→ **WORK TO BE COMPLETED**: What you output must be the exact lines from the first line of the data through the one holding "Cozy bedroom featuring", with no pictures.

Records drawn from a dataset:
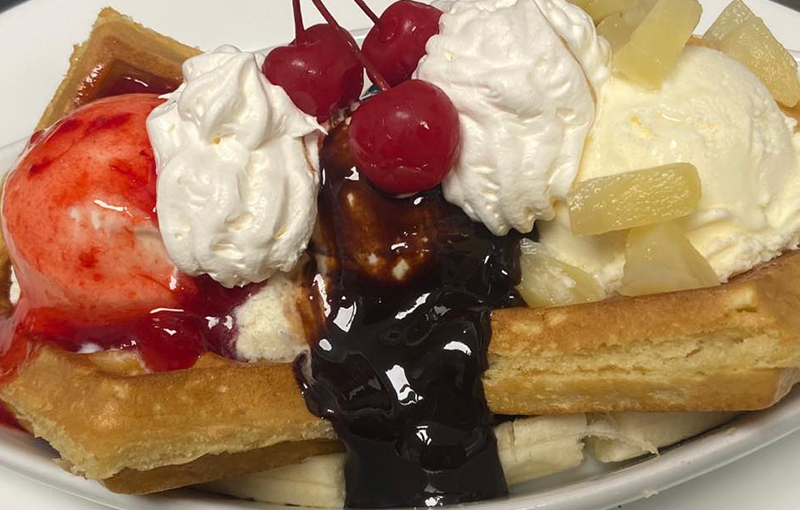 waffle-with-cream-accompanied-with-cherry-and-chocolate-sauce waffle with cream accompanied with cherry and chocolate sauce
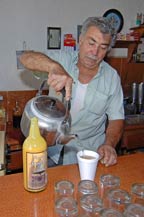 fidencio anaya prepares coffee extract with rompope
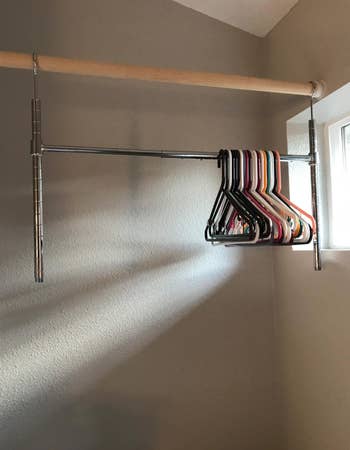 reviewer's bar with a couple of hangers below a closet pole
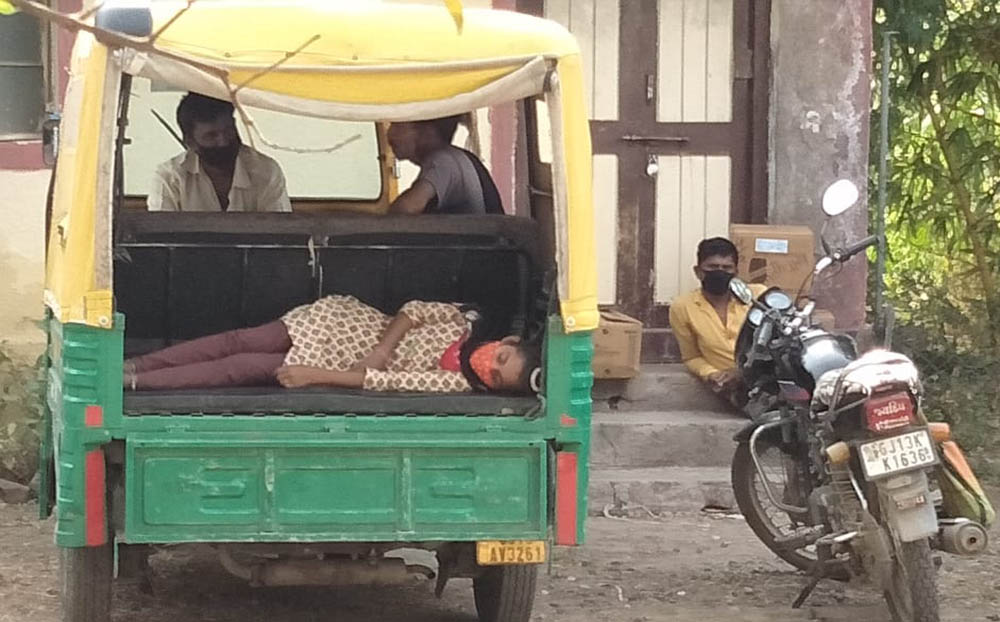 A young girl with COVID-19 symptoms is brought on a three-wheeler taxi to Jyoti clinic, managed by Congregation of Mother Carmel nuns at Chachana village in the Rajkot Diocese in the state of Gujarat. (Courtesy of Chetan Parmar)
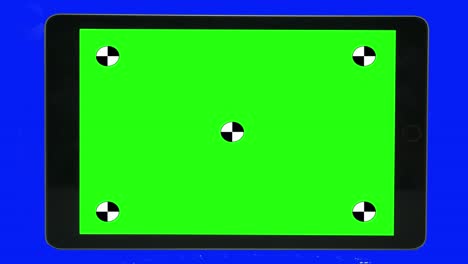 green screen technology concept. modern smart phone, tablet and computer mock up with green screen, alpha channel and tracking markers.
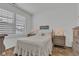 Cozy bedroom featuring a window with shutters, and a white comforter at 1521 Avondale Dr, Westfield, IN 46074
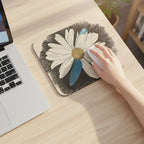 Laptop with a mouse pad featuring a daisy dragonfly wings design on a light wood desk with a woman's hand on the mouse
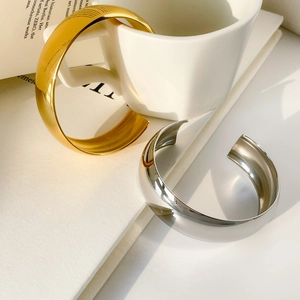 Detailed view of polished C-shaped open bangles in gold and silver mirror finish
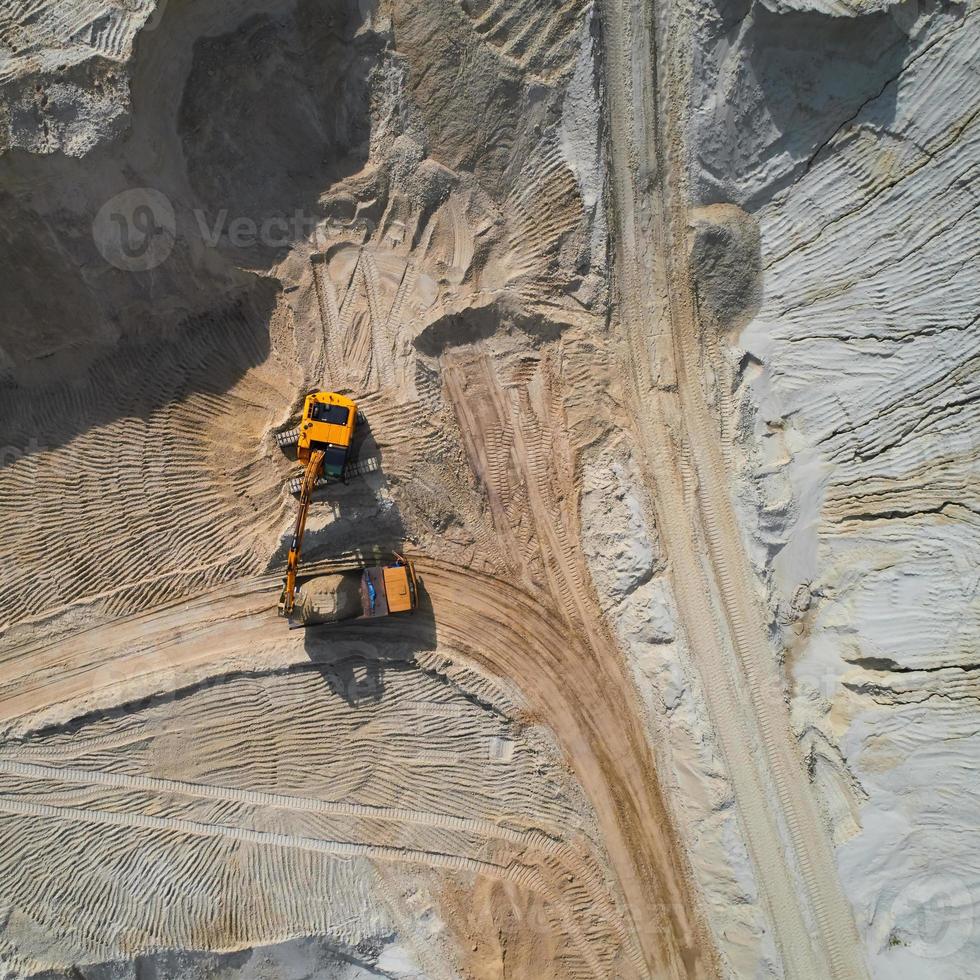 Aerial view of sand quarry with bulldozer photo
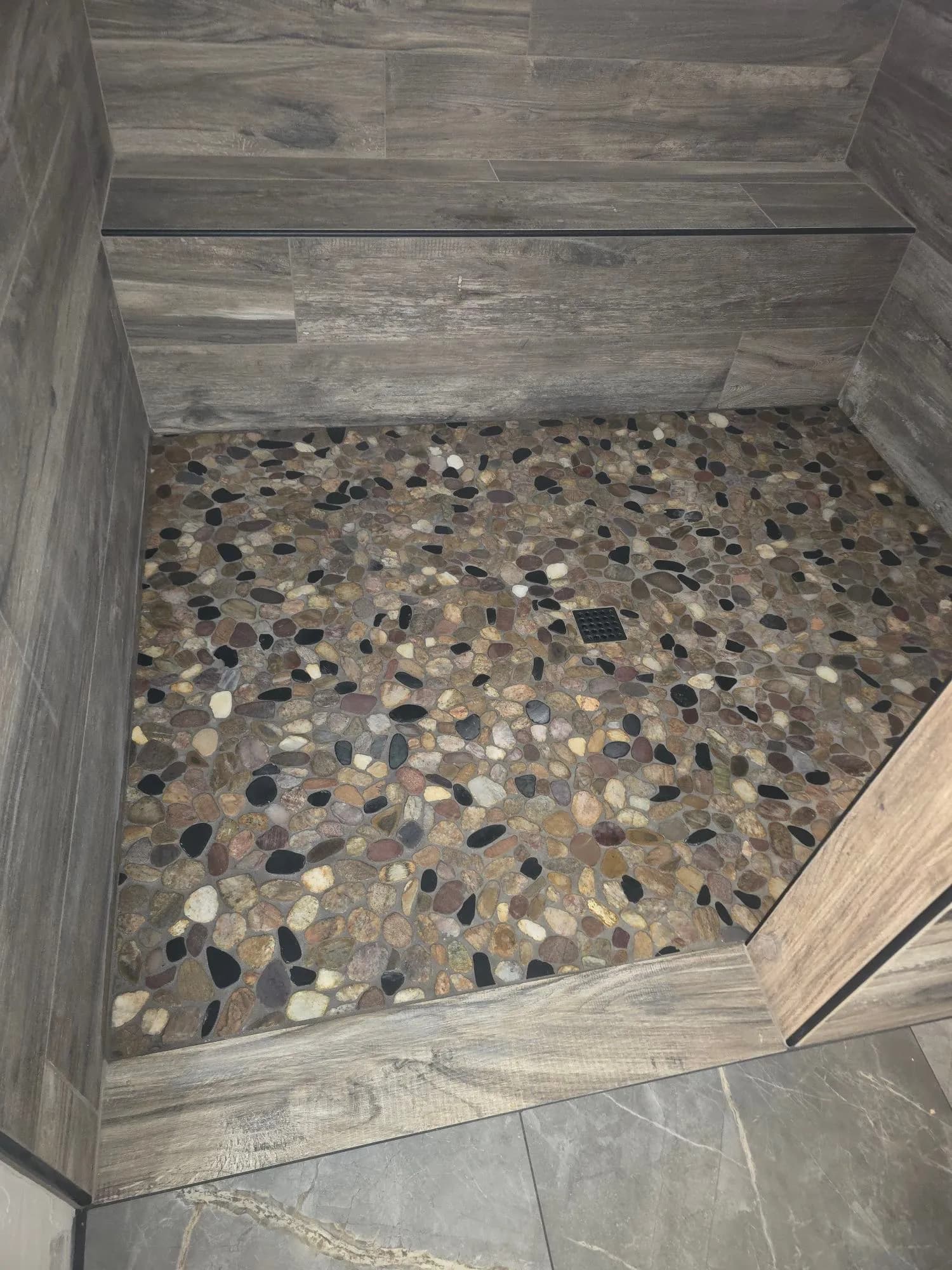 Custom pebble stone mosaic shower floor with wood-look plank tile surround in Fallbrook bathroom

→ **YOUR SOLUTION**:
 waffle-with-cream-accompanied-with-cherry-and-chocolate-sauce waffle with cream accompanied with cherry and chocolate sauce
 fidencio anaya prepares coffee extract with rompope
 reviewer's bar with a couple of hangers below a closet pole
 A young girl with COVID-19 symptoms is brought on a three-wheeler taxi to Jyoti clinic, managed by Congregation of Mother Carmel nuns at Chachana village in the Rajkot Diocese in the state of Gujarat. (Courtesy of Chetan Parmar)
 green screen technology concept. modern smart phone, tablet and computer mock up with green screen, alpha channel and tracking markers.
 Cozy bedroom featuring a window with shutters, and a white comforter at 1521 Avondale Dr, Westfield, IN 46074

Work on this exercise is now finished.